Fed’s favored inflation gauge accelerates slightly in August



  The Federal Reserve’s favored inflation gauge accelerated slightly in August from a year earlier.

The Commerce Department reported Friday that its personal consumption expenditures (PCE) price index was up 2.7% in August from a year earlier, a tick higher from a 2.6% year-over-year increase in July and the highest since February.

Excluding volatile food and energy prices, so-called core PCE inflation showed a 2.9% increase in prices from August 2024, the same as in July. The increases were what forecasters had expected.

Prices rose 0.3% from July, compared to a 0.2% increase the month before. Core prices rose 0.2%, the same as in July.

Separately, the report showed that inflation-adjusted consumer spending rose a healthy 0.4% from July, the same as the month before, largely on a 0.7% increase in spending for goods; spending on services such as travel and dining out rose just 0.2%.
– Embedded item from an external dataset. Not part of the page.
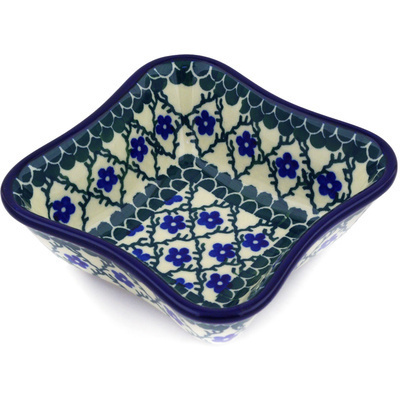 Polish Pottery Bowl 4&quot; Blue Daisy Trellis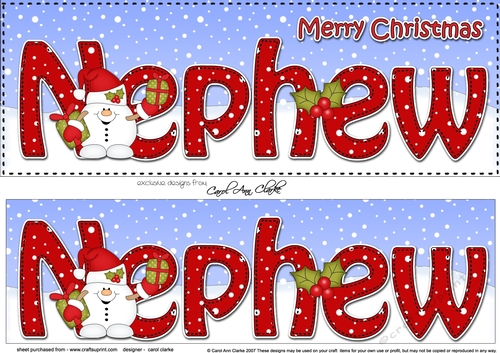 Large DL Merry Christmas NEPHEW 3D decoupage with Snowball Sam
“The resilience of the US consumer was on show once again,’' Michael Pearce of Oxford Economics wrote, though he cautioned that spending ”is being driven by households at the top of the income distribution.’'

Incomes rose 0.4%, the same as the month before inflation. Income for the self-employed and business owners rose 0.9% for the second straight month. Wages and salaries rose 0.3% from July, dipping from a 0.5% increase the month before.



Inflation has come down since rising prices prompted the Fed to raise its benchmark interest rate 11 times in 2022 and 2023. But annual price gains remain stubbornly above the central bank’s 2% target.

Last week, the Fed went ahead and reduced the rate for the first time this year, lowering borrowing costs to help a deteriorating U.S. job market. But it’s been cautious about cutting, waiting to see what impact President Donald Trump’s tariffs have on imports and inflation, and the broader economy.

For months, Trump has relentlessly pushed the Fed to lower rates more aggressively, calling Fed Chair Jerome Powell “Too Late” and a “moron” and arguing that there is “no inflation.”



Last month, Trump sought to fire Lisa Cook, a member of the Fed’s governing board, in an effort to gain greater control over the central bank. She has challenged her dismissal in court, and the Supreme Court will decide whether she can stay on the job while the case goes through the judicial system.

The Fed tends to favor the PCE inflation gauge that the government issued Friday over the better-known consumer price index. The PCE index tries to account for changes in how people shop when inflation jumps. It can capture, for example, when consumers switch from pricier national brands to cheaper store brands.